Interessant zu sehen ist übrigens im Vergleich ein anderer Trend, der es fast schon wert wäre, dokumentiert zu werden: München und die Jogginghose. Und dabei meine ich jetzt nicht wieder die Menschen, die man an der Donnersbergerbrücke beobachten kann, sondern die, die das bequemste aller Kleidungsstücke auf ein neues Level bringen. In der richtigen Kombination sieht das Teil nämlich gar nicht so schlecht aus! Und das sage ich, die nur dann in Jogginghose zum Müll geht, wenn sie sicher ist, dass keiner der Nachbarn guckt! Aber wenn man es richtig anstellt, dann sieht das nicht einmal so schlecht aus und viele Münchner haben das inzwischen perfekt drauf. Wahrscheinlich werde ich es nicht ausprobieren, passt auch nicht zu mir, aber für Kreativität bin ich immer zu haben und für einen klaren, eigenen Stil sowieso!


Der Stil in München steckt also an so mancher Ecke noch in den Kinderschuhen. Oder eher in den Babysöckchen. So manchem wird man da auch nichts mehr beibringen können. Ich glaube aber, dass sich da aber dennoch so einiges tun wird! Den Ruf der Schickimicki-Trachten-Stadt wird man wahrscheinlich so schnell nicht loswerden, aber es wäre ja schon ein kleiner Fortschritt, wenn man im internationalen Vergleich nicht ganz so hinken würde. Der erste Schritt schien ja bereits getan, als man sich zu einer Munich Fashion Week entschied. Laut Website fand sie im Februar 2012 statt. Mitbekommen habe ich davon nicht viel und wohl auch sonst niemand. Auch gibt es widersprüchliche Informationen dazu, denn die Facebookseite Munich Fashion Week scheint sich um ein anderes Konzept zu drehen. Wünschenswert wäre es jedenfalls, denn München hat ja doch einiges zu bieten. Auch wir haben Modeschulen wie die Esmod und die AMD, auch hier sitzen tolle Designer, allen voran die wirklich wunderbaren Talbot Runhof
Die größten und wichtigsten Modezeitschriften des Landes sitzen hier: Vogue, InStyle, Glamour, Joy.
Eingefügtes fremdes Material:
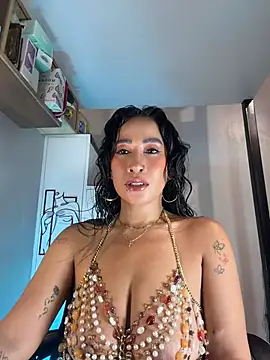 AsianMilfSheryl Pertunjukan Webcam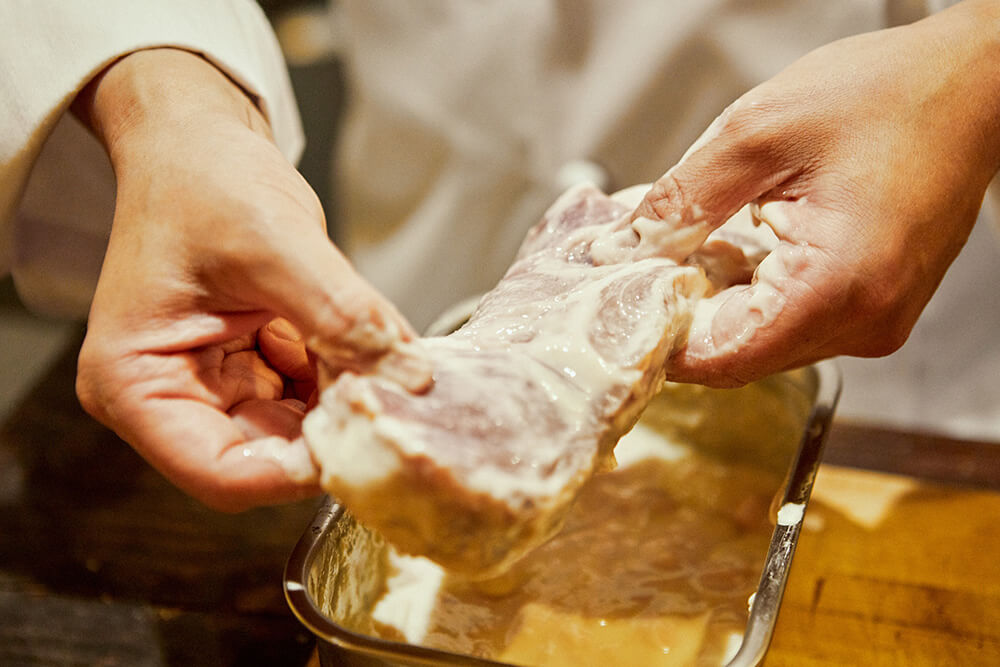 ヨーグルトと酒粕、白味噌の漬け床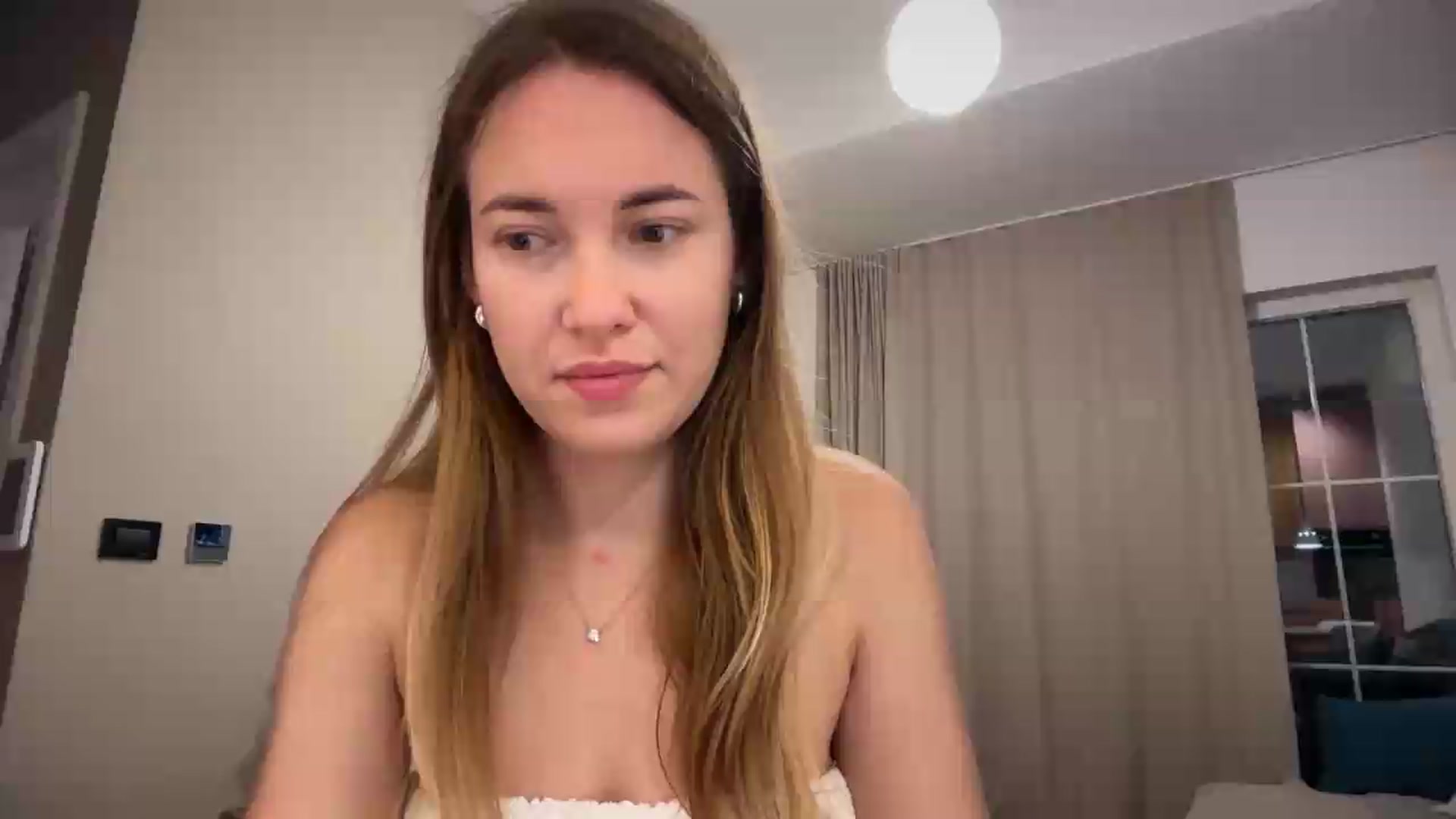 Gallery image thumbnail from SkySunFlower's myfreecams stream on, 07/13/2026, 24:16 image 1 of 20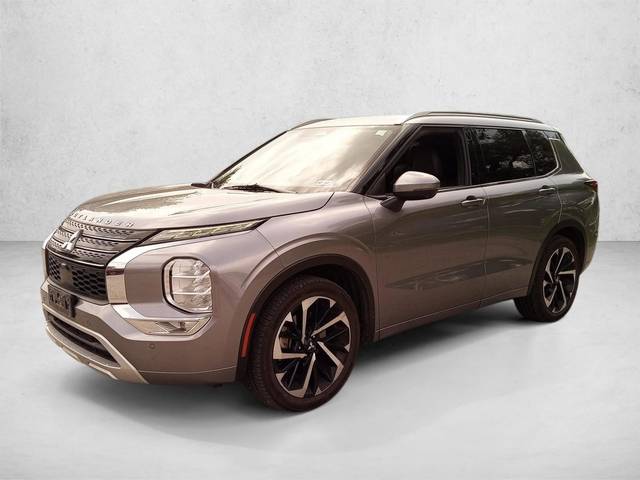 2022 Mitsubishi Outlander SEL FWD photo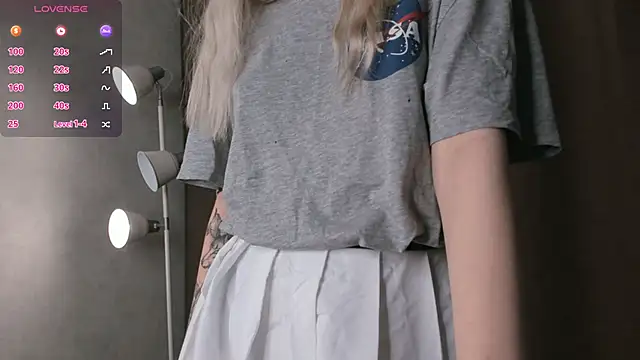 Snapshot of EngelFugler chatting on December 2024 07:40:02 PM EngelFugler online show from December 2024 07:40:02 PM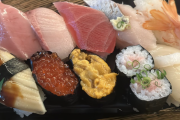 海外「日本はどうなってるんだ…」 日本の普通のスーパーで買える寿司に外国人が衝撃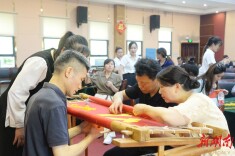 省人防办开展“绣党旗、感党恩、跟党走”活动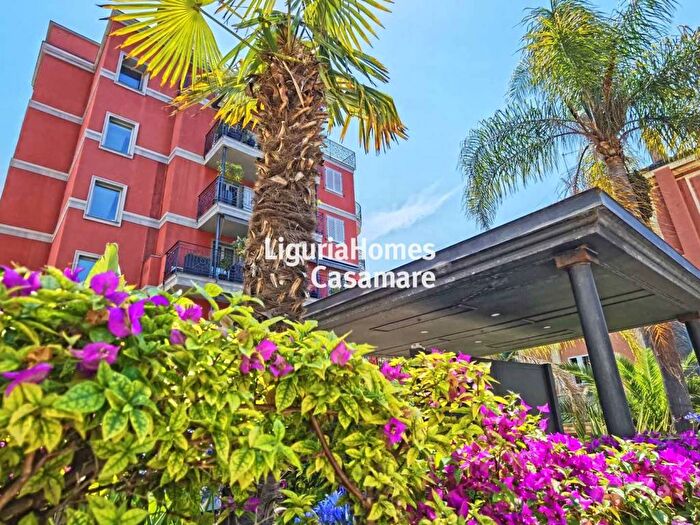 Appartamento trilocale in vendita in Via Regina Margherita, Centro, Bordighera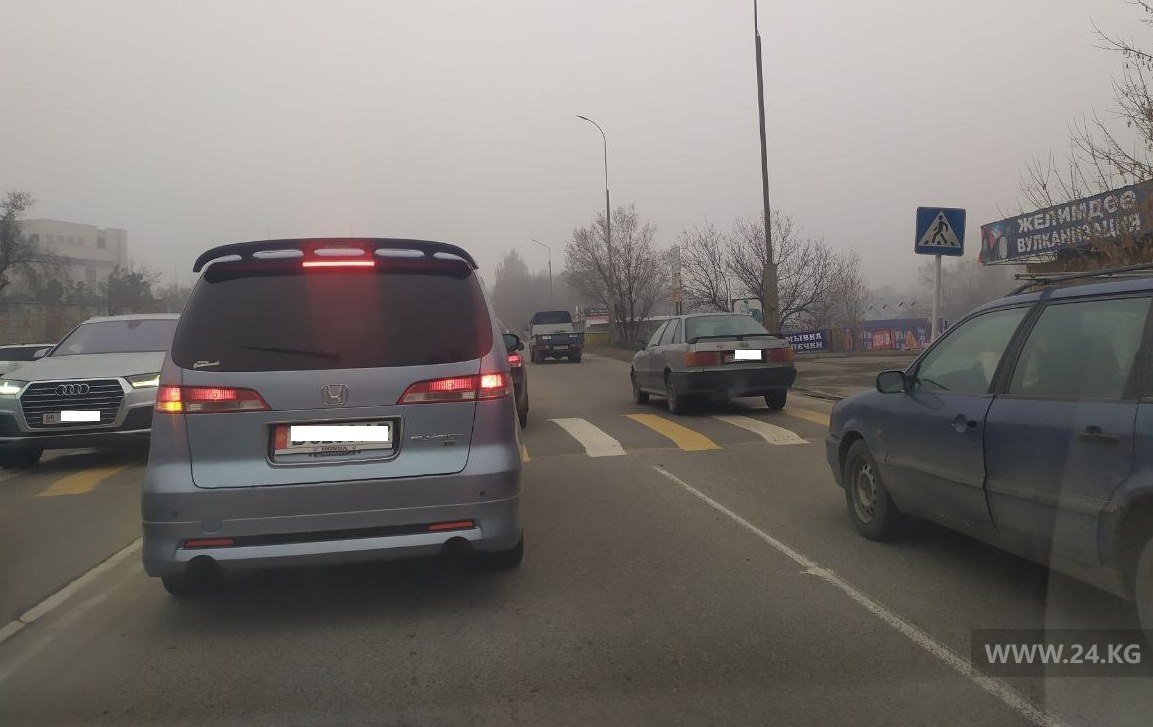 Затор на перекрестке Толстого и Ибраимова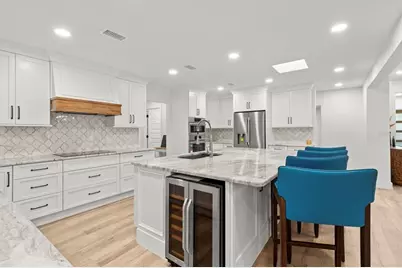 827 SW Kings Bay Drive, Crystal River, FL 34429 - Photo 14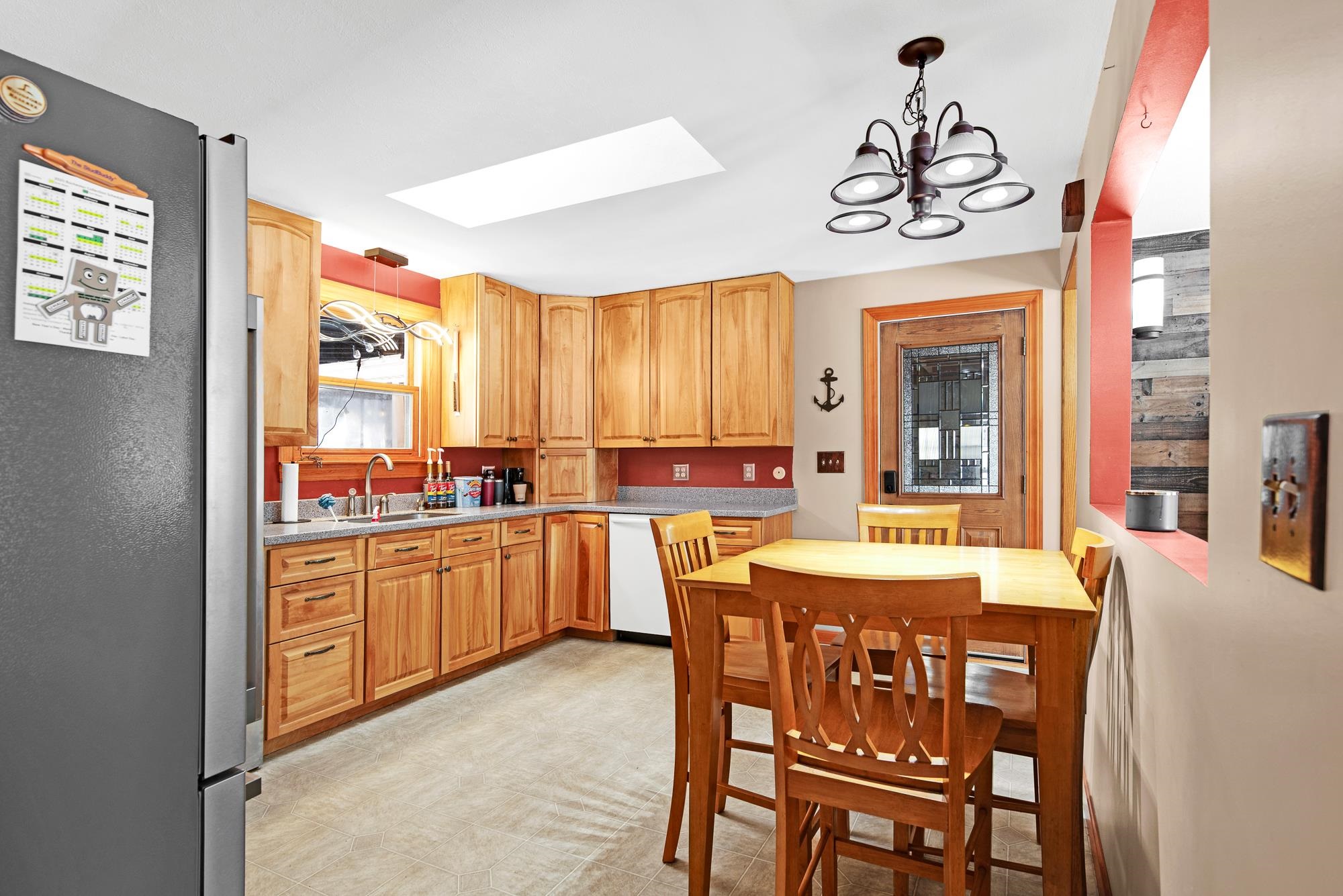 21 Four Rod Road Rochester, NH 03867 - Photo 6 of 57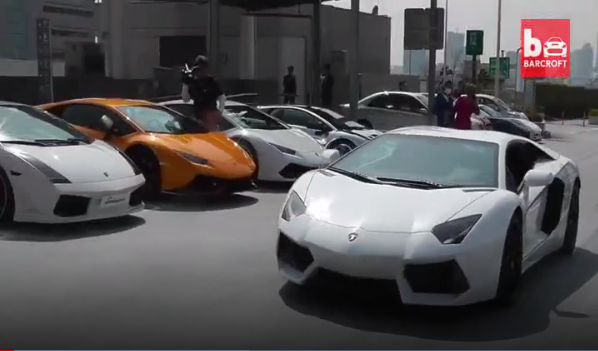 man-nhan-voi-dan-sieu-xe-lamborghini-tri-gia-hon-227-ty-dong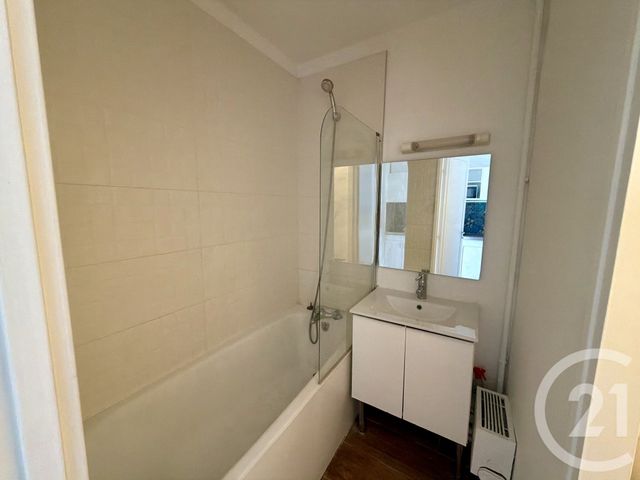 Appartement F1 à vendre - 1 pièce - 25.0 m2 - VILLEMOMBLE - 93 - ILE-DE-FRANCE - Century 21 Quartier De La Gare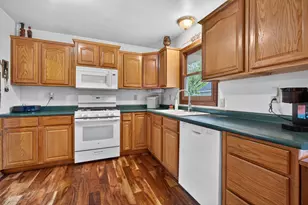 1555 N Rollin Ln, Coal City, IL 60416 - Photo 35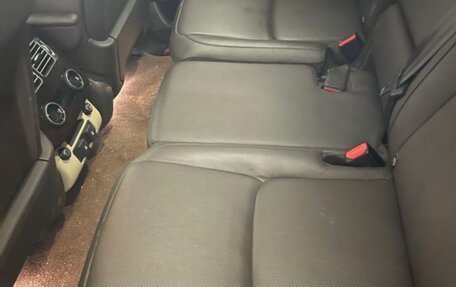 Land Rover Range Rover IV рестайлинг, 2018 год, 5 400 000 рублей, 3 фотография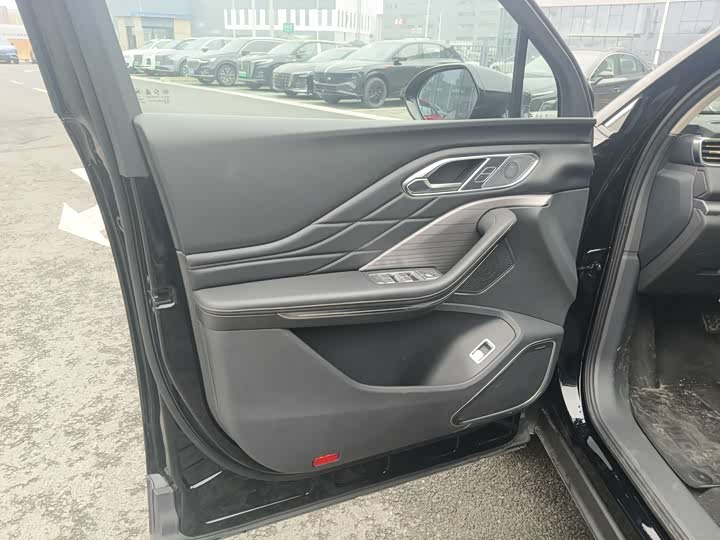 Hongqi HS7 PHEV 2024 2.0 T PHEV 4 WD 6 — фото 4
Es sprießen auch ständig neue aus dem Boden, allen voran Hype - in der Hinsicht ist München eigentlich der Dreh- und Angelpunkt. Könnte man meinen. 
Wahrscheinlich reicht das heutzutage aber einfach nicht mehr. Aber wozu gibt es denn das Web 2.0? Wozu gibt es Blogger, die auch in München leben und die Stadt ein wenig aufmischen? Ich bin überzeugt davon, dass die Autorinnen vieler meiner Lieblingsblogs noch einiges bewirken werden, was München angeht: I heart Alice, Wind cries Amy, MilleMusings, the3rdvoice, panic and punkrock.